You can make better use of your skip if you give some thought to what you need to put in it, so start by writing a list. This gives you an idea of the skip size you need, and whether some things need separate handling.
Plan the order things go in – this makes a difference to the amount that will safely fit. Items that aren’t allowed include asbestos, cathode TVs, paint, oil, tyres, refrigerators and batteries (ask your council for advice about these).
Breaking items up gets more in, so disassemble furniture, flatten boxes, and break up hardcore if possible. Pack in a sensible order – put flat items in first, on the floor or sides, then put the heaviest rubble on the bottom and keep lighter materials until last.
You’ll be surprised how many items mysteriously materialise in your skip overnight. Skips can even be filled before you get started, so cover it. Lockable ones are available. If you allow neighbours to overfill it, a responsible driver will refuse to collect it until you make it safe.
Public waste collection sites are being encouraged to bring in charges. A CMIOSH spokesperson advises that it isn’t “clear that there is a strong correlation between charging and illegal dumping or that there would.. be a significant increase if charging was introduced”. However, in some areas a person taking a piece of broken slate to a tip can be charged £3 each for the two halves and discover that plasterboard costs more to dispose of than it does to buy. As knowledge of these charges trickles through, fly tipping is inevitable without alternatives.

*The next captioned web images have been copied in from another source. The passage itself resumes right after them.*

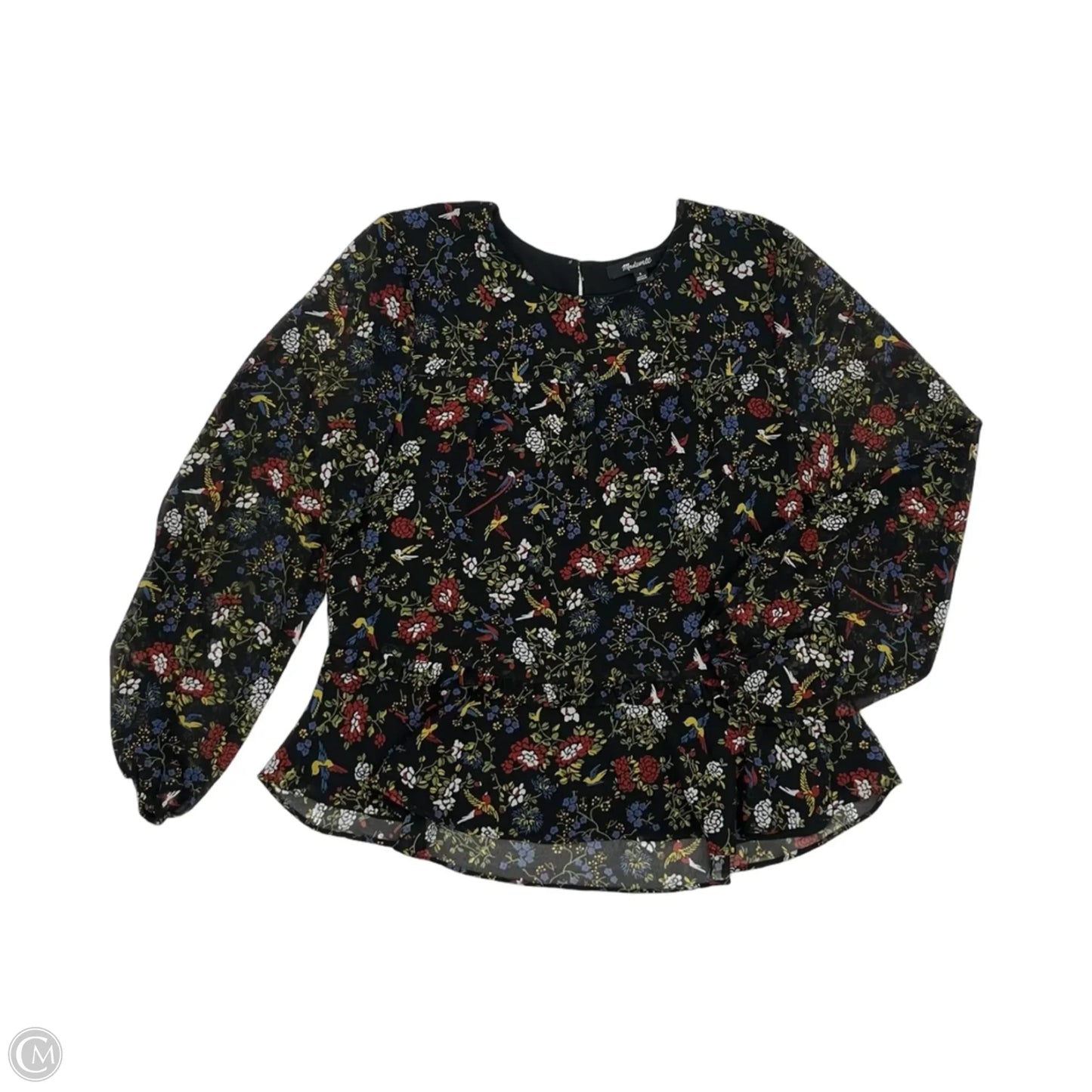 Blouse Long Sleeve By Madewell In Black, Size: S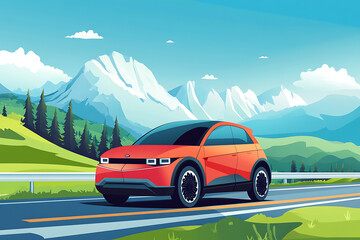 Naklejka premium A vibrant electric car drives along a scenic road with mountains in the background.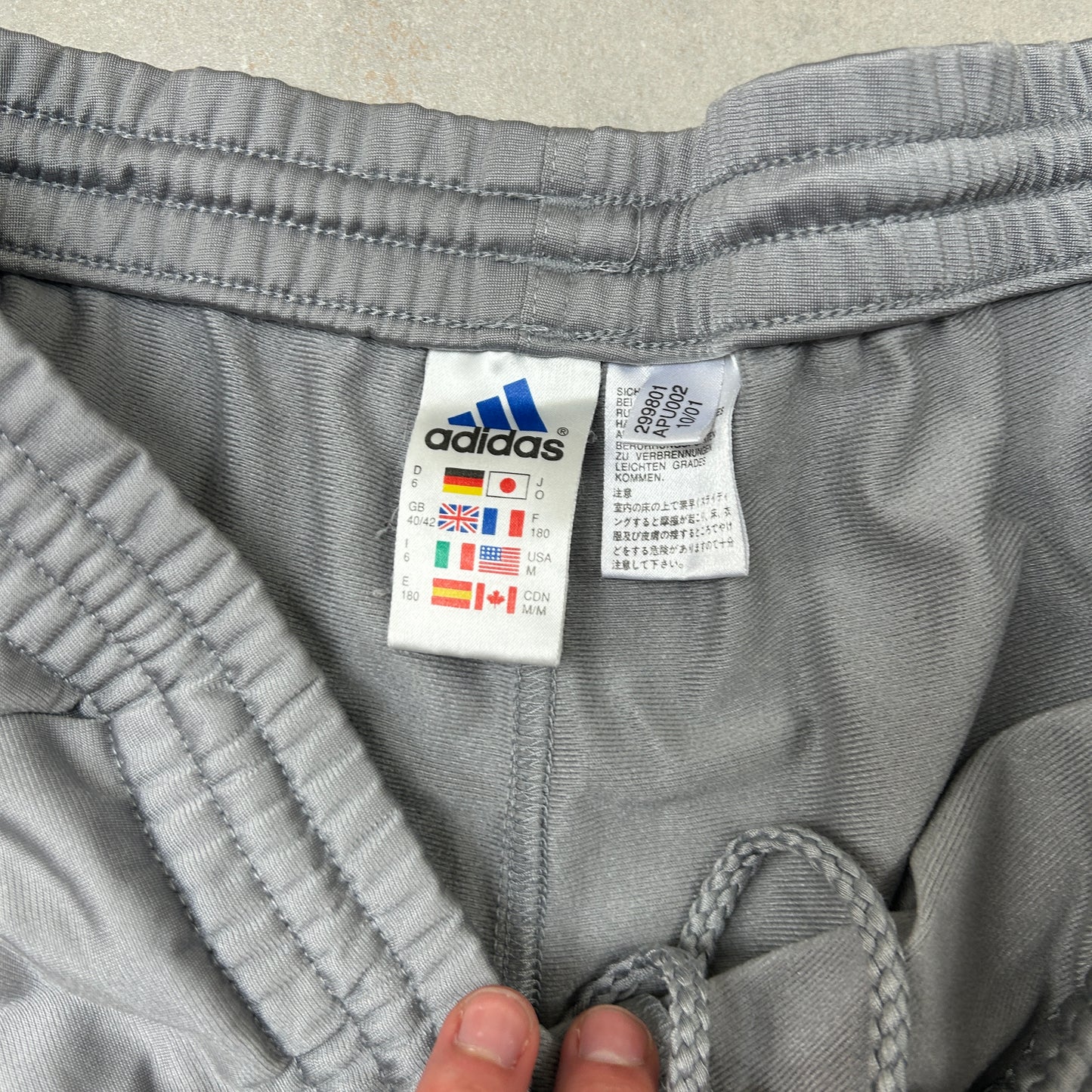 Vintage Adidas Grey Baggy Tracksuit Sweatpants Track Pants Bottoms - L
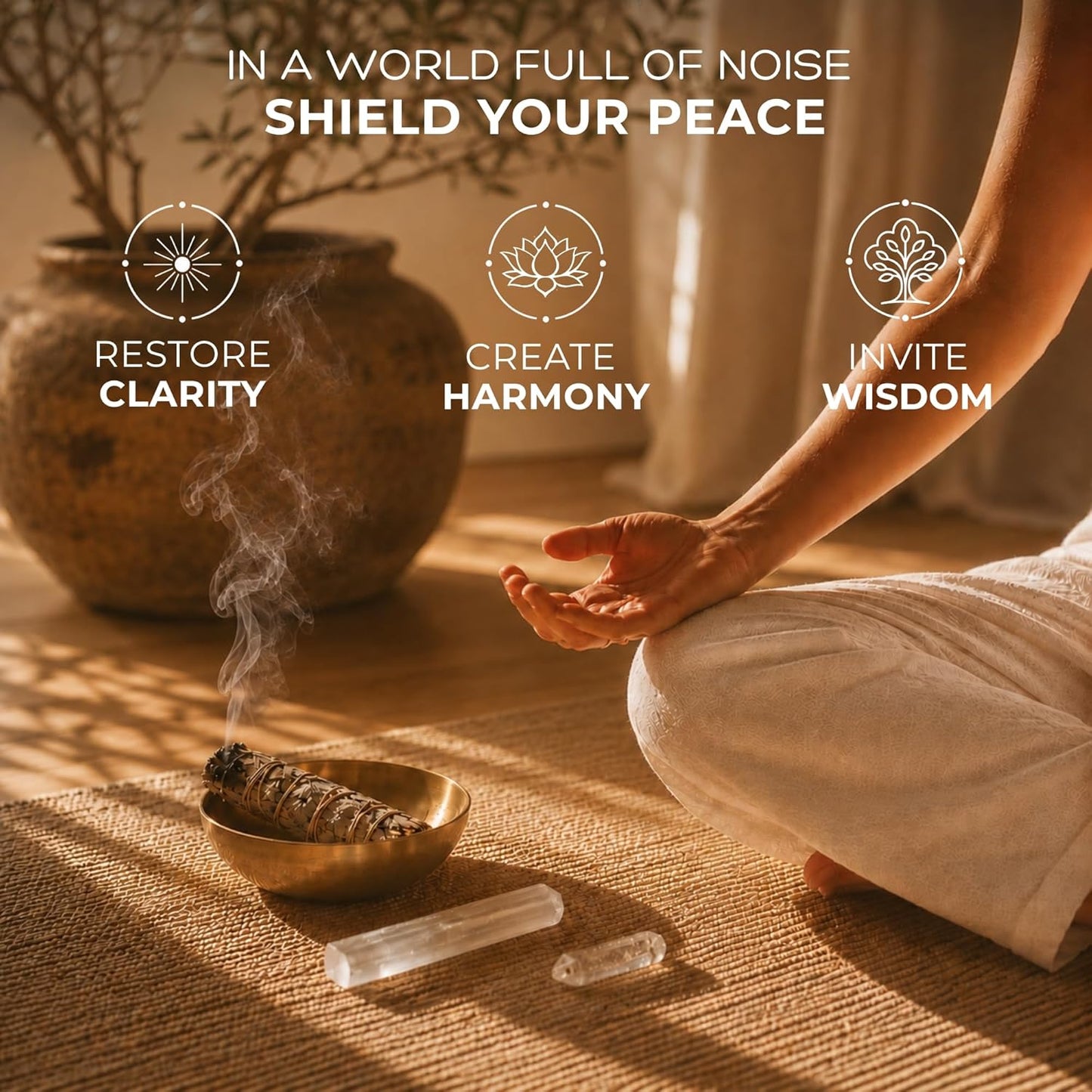 Anima Premium Energy Cleansing Set – White Sage Smudge Sticks, Palo Santo Sticks, Clear Quartz & Selenite Crystal with Smudge Bowl for Crystals & Home Cleansing, Meditation & Manifestation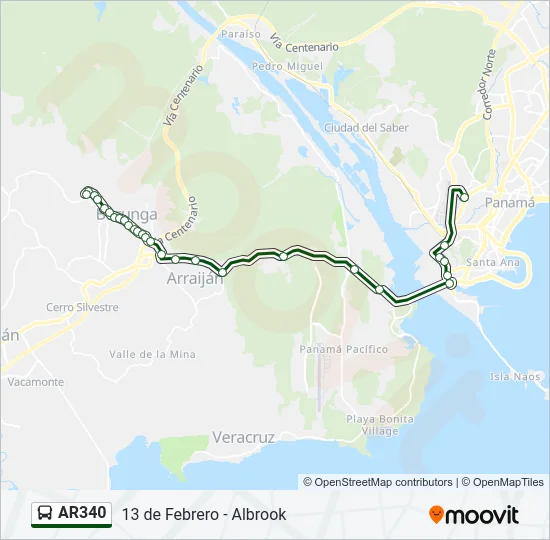AR340 Bus Line Map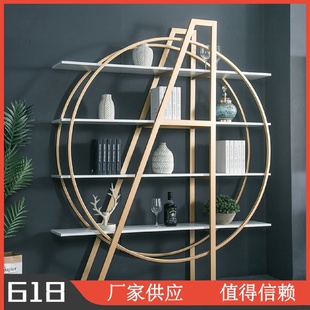 饰展示架 北欧创意置物架隔断铁艺客厅书架办公玄关屏风书柜落地装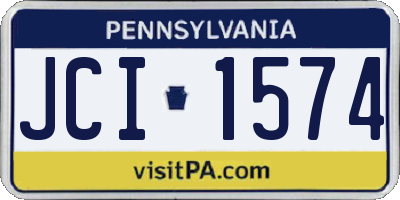 PA license plate JCI1574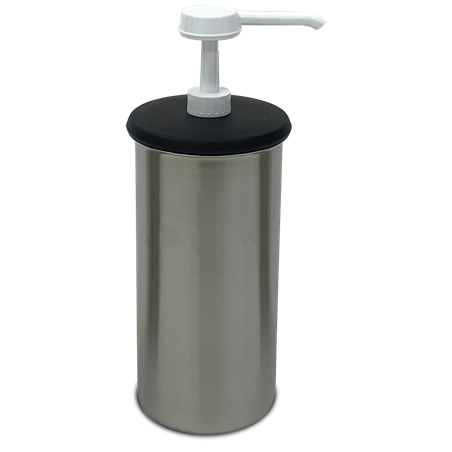 Dosificador de salsa y recipiente inox 80x110  mm (blanco)
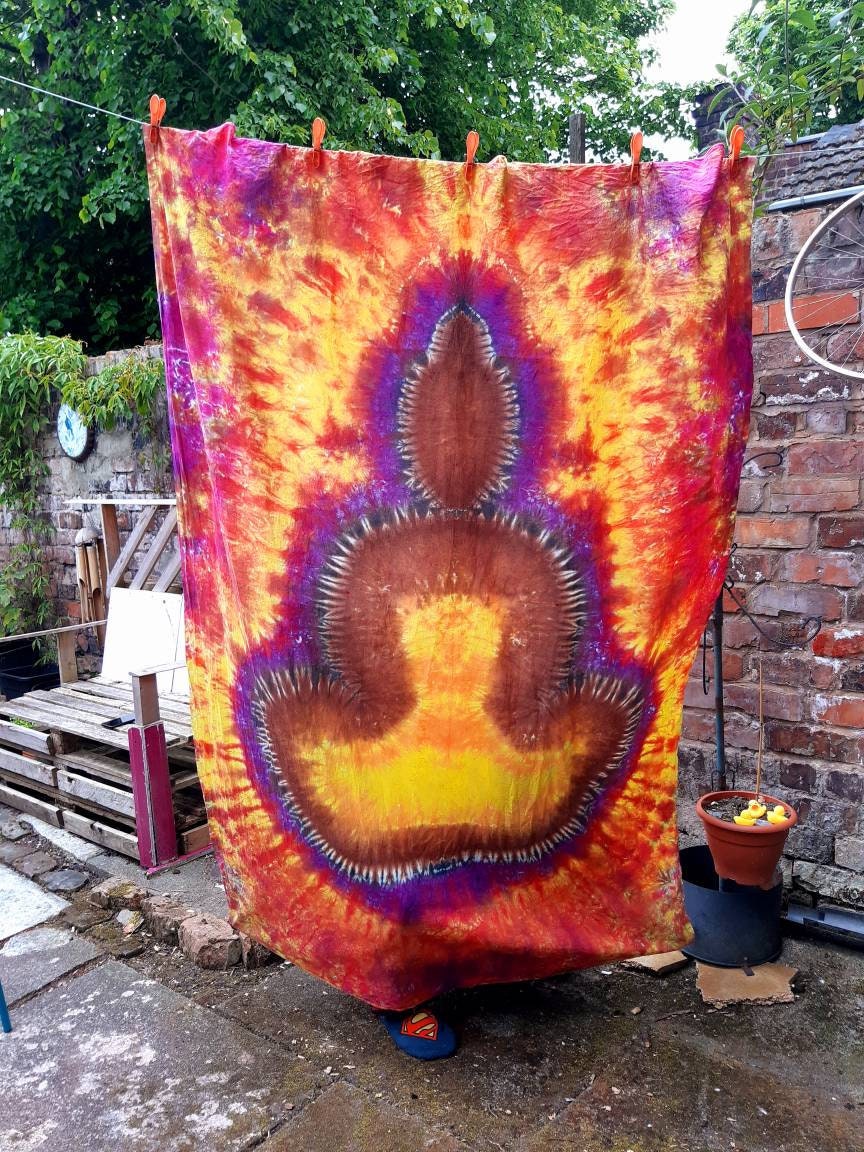 Tie Dye Tapestry Wall Hanging Psychedelic Buddha 150x220cm Handmade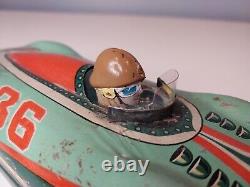 Masudaya Super Sonic Race Car Friction Tin Toy 1950s No 36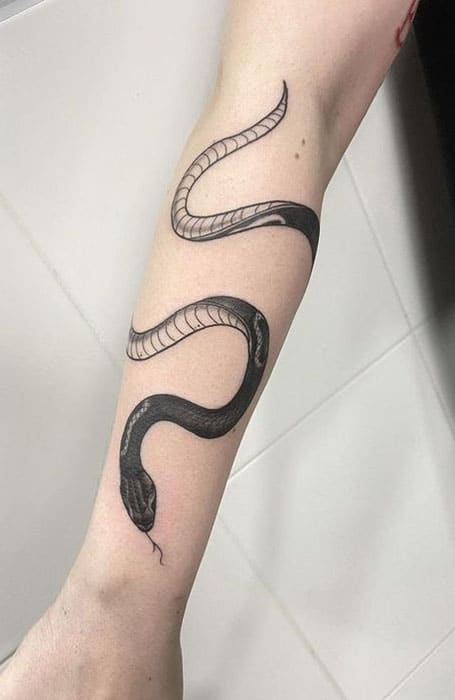 wrap around snake done last year by josh at black labyrinth tattoo  easthampton ma  rtattoos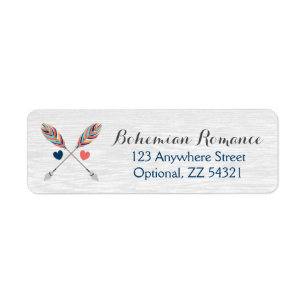 Bohemian Arrows Rustic Wood Boho Return Address Label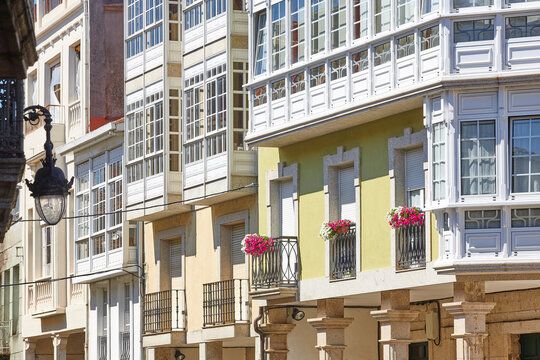 Traditional stone columns and facades in Chantada. Lugo, Spain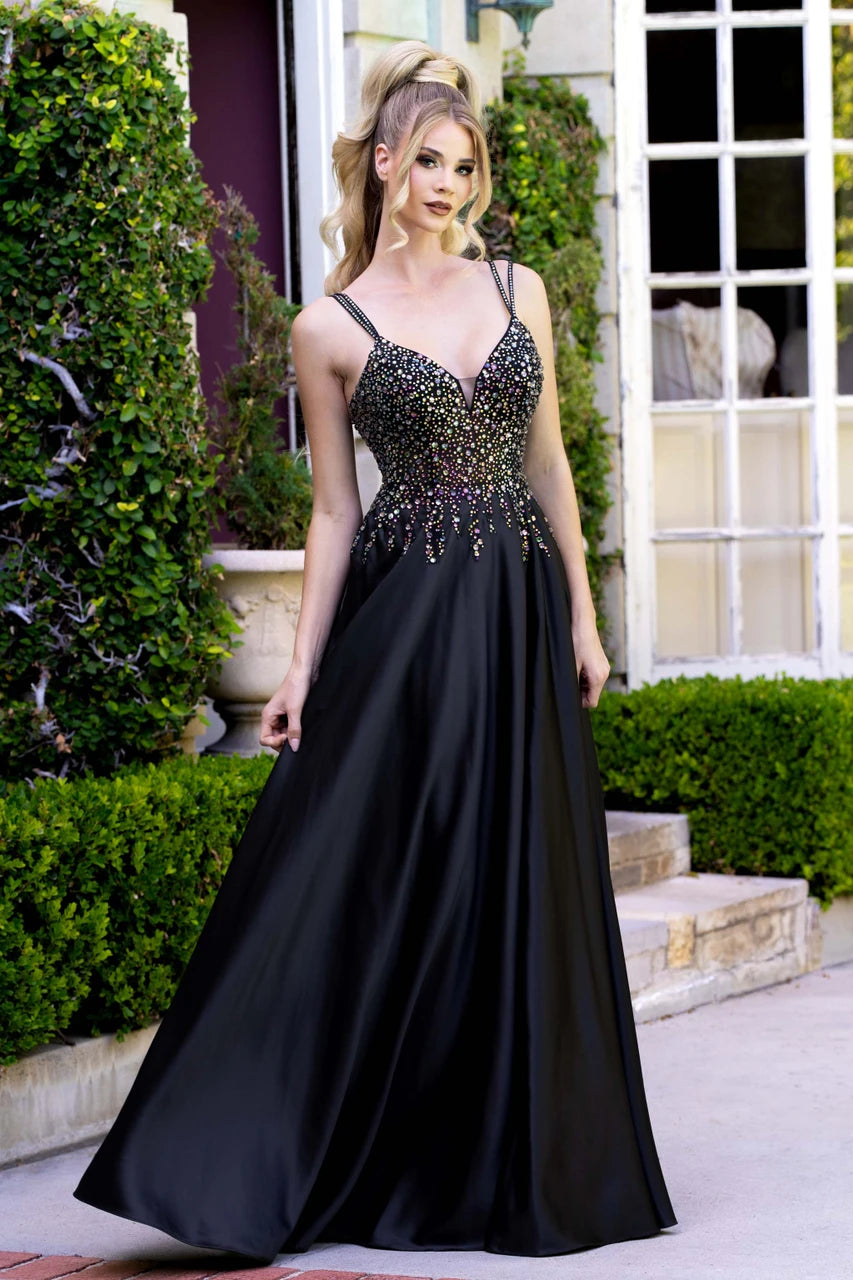 Prom Dress V-Neck Spaghetti Strap A-Line Formal Gown By Lenovia 8331-New Collection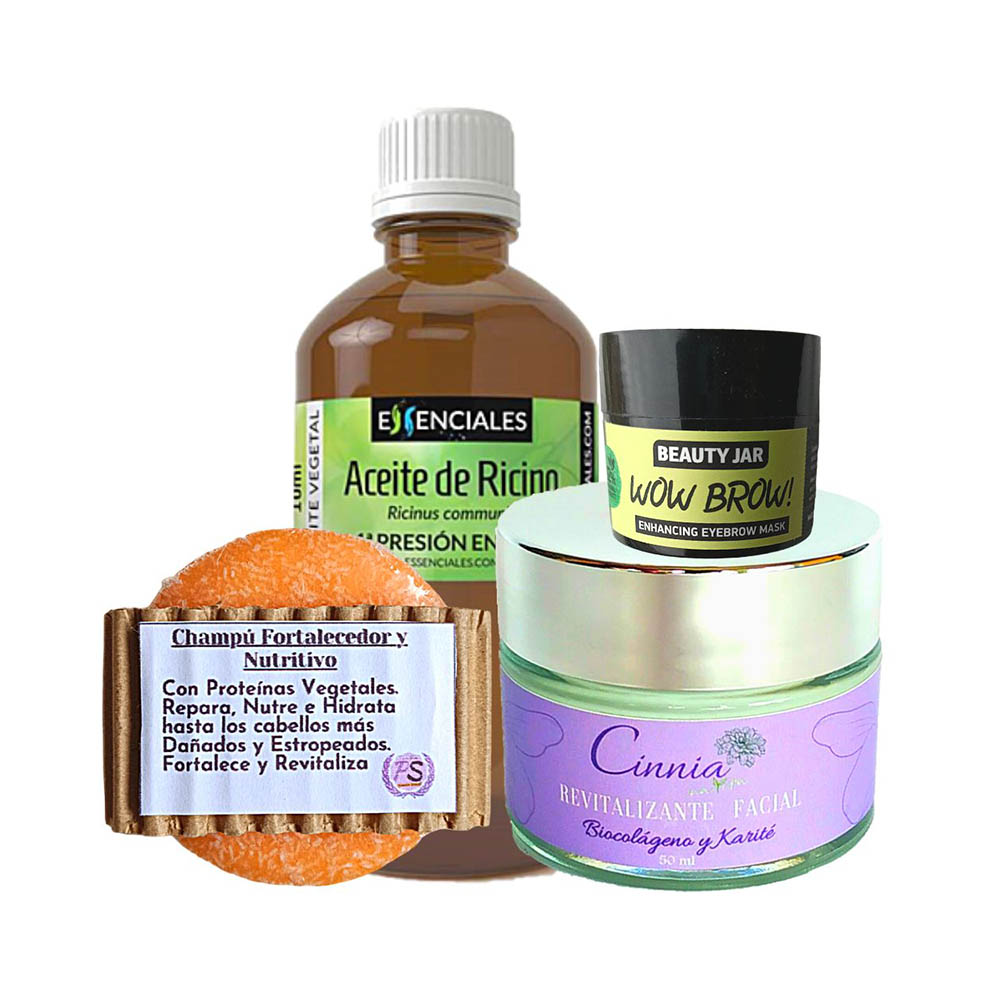 Pack Belleza BIO. Cara, Cabello y Cejas. Crema Facial, Aceite de Ricino, Champú Sólido Fortalecedor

Skips are most attractive when householders are able to dispose of waste in bulk. Skips are now available in sizes to suit all situations, from quality companies like Swansea skip hire firm, Pendragon Skips (http://www.pendragoncarmarthenshire.co.uk).
Where does it go?
EU regulations define “Best Available Practical Environmental Option” guidelines (BAPEO) that list the preferred options for waste disposal, including reducing packaging, reusing, recycling, energy recovery (electricity from incineration), thermal treatments that generate less CO2, and landfill with methane capture.
Little progress seems possible with the first two. All the others depend upon private or private/public initiatives for waste collection and disposal. Skip hire companies now divert 95% of waste away from landfills.